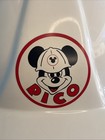 Genuine EPCOT Construction Hard Hat PICO - WED Imagineering Disney Employee RARE — photo 6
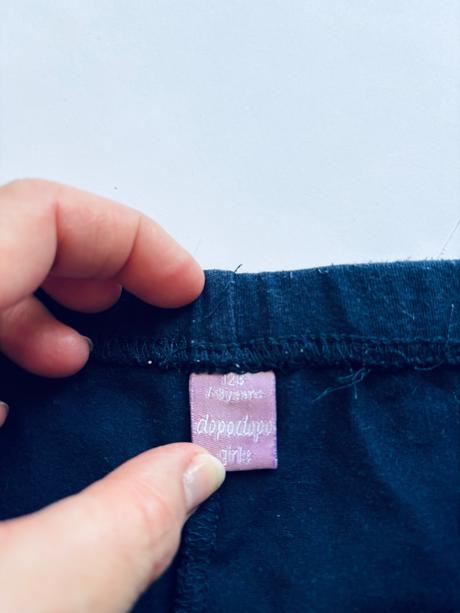 Legíny modré - v.128, dopodopo,128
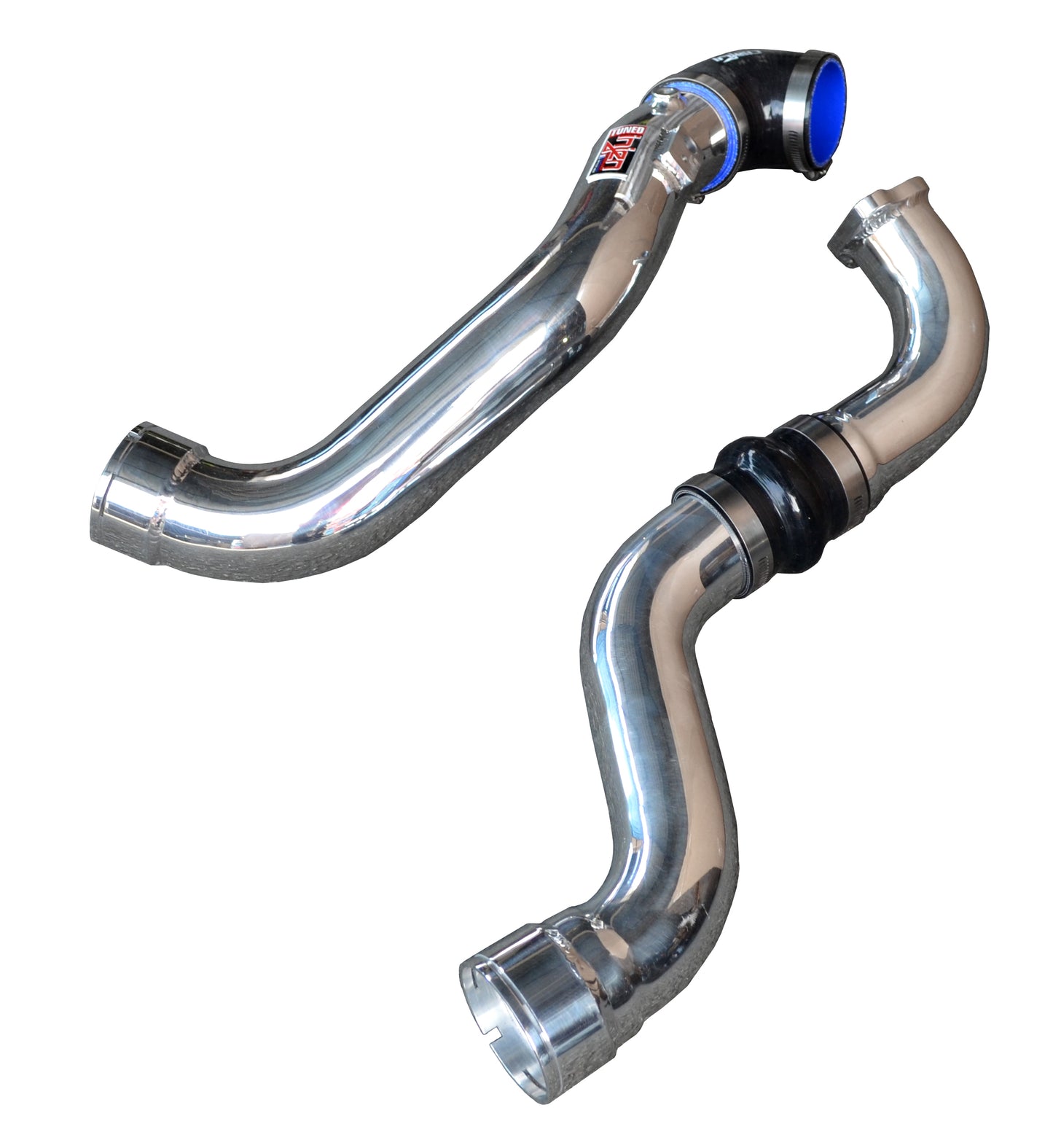 Injen 13-23 Chevrolet Camaro Polished SES Intercooler Pipes | SES7300ICP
=====
*EXERCISE OBJECTIVE*
An exact reproduction of the lines from the line containing "Legíny modré - v.128, dopodopo,128" through the end of the listing above is needed; pictures stay out.

*EXPECTED ANSWER*
 Legíny modré - v.128, dopodopo,128
 Injen 13-23 Chevrolet Camaro Polished SES Intercooler Pipes | SES7300ICP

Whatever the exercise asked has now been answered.